===== INFORMATION

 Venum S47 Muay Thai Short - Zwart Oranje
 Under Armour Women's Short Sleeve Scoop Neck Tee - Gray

==========
===== INFORMATION

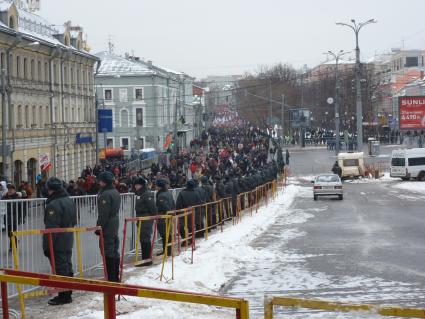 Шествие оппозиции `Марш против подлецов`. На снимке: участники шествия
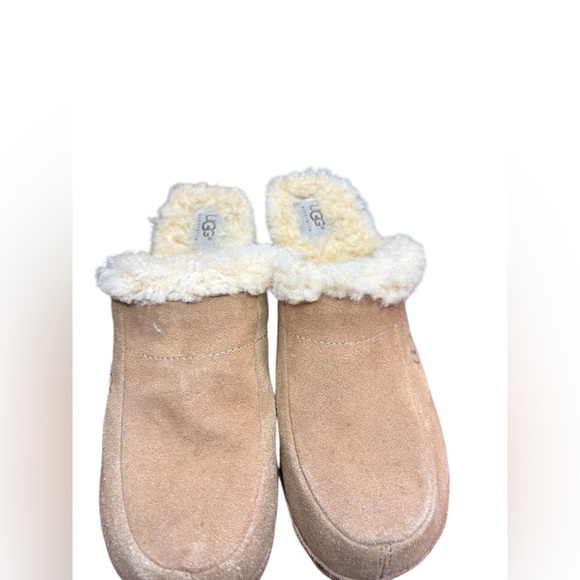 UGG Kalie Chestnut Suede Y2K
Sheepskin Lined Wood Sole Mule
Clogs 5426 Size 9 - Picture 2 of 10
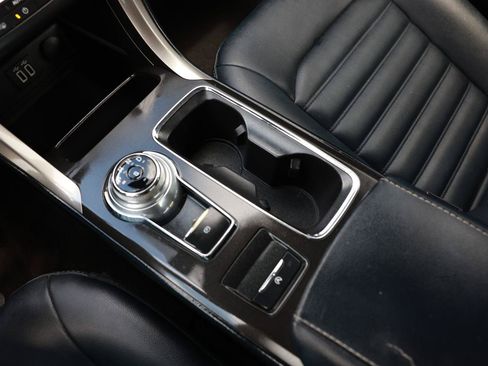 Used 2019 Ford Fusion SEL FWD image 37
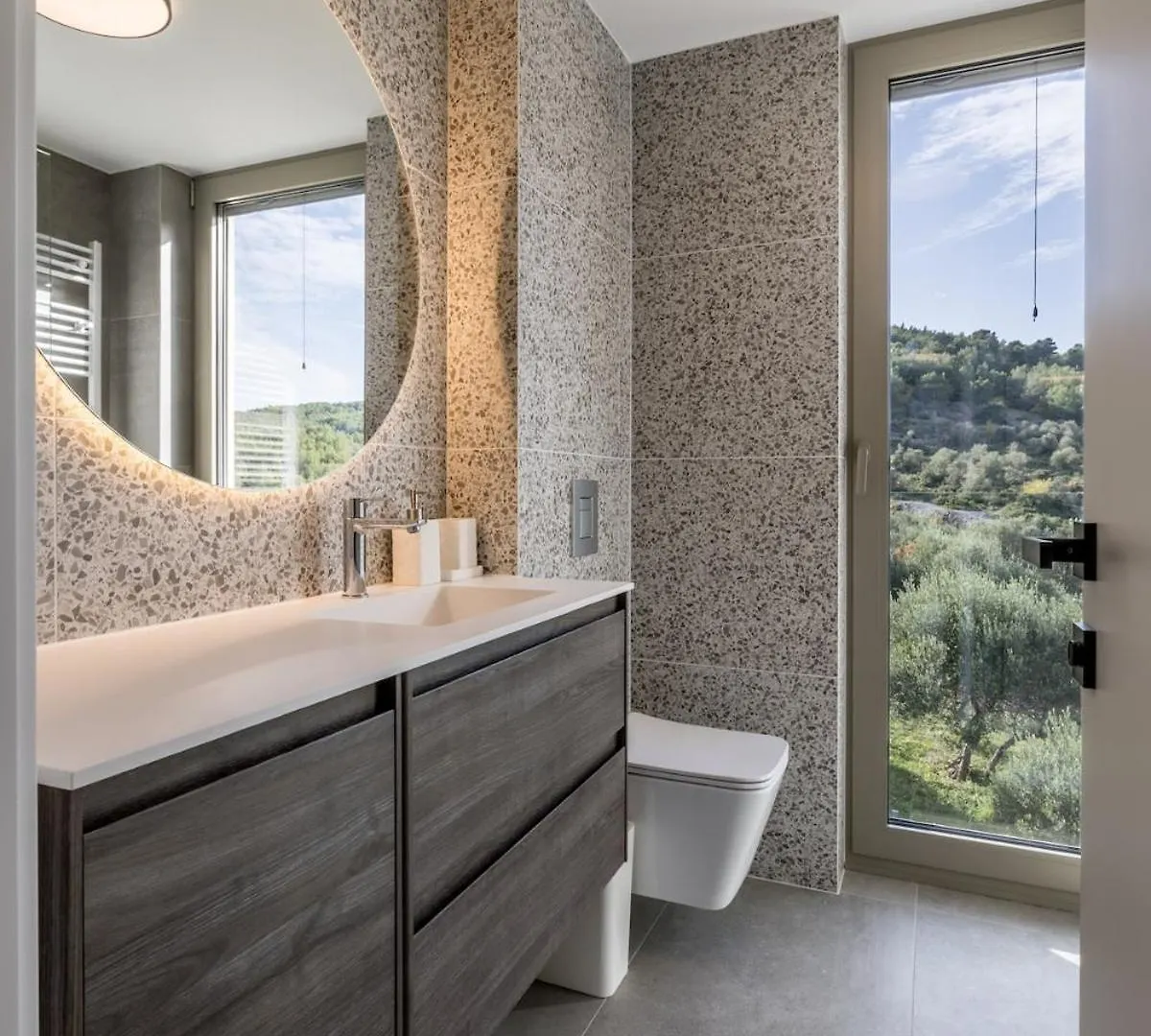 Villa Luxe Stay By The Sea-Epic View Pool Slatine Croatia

==========
===== INFORMATION

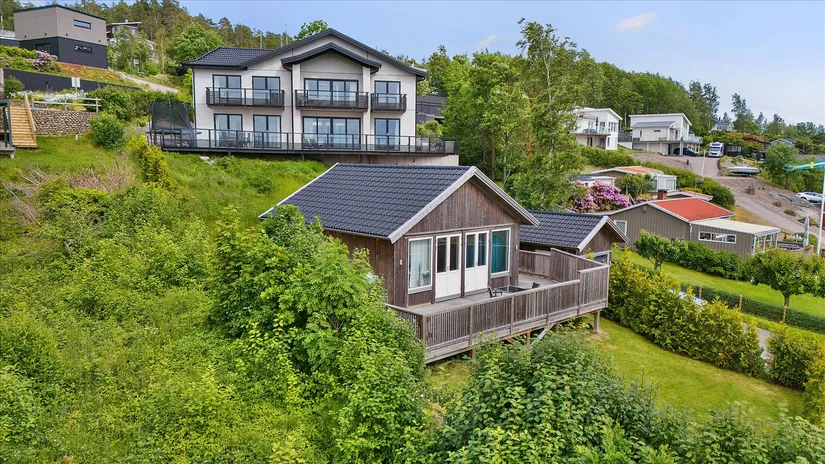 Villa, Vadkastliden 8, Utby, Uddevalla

==========

Each line in the listing where the word "Short" is found is to be copied.

 Venum S47 Muay Thai Short - Zwart Oranje
 Under Armour Women's Short Sleeve Scoop Neck Tee - Gray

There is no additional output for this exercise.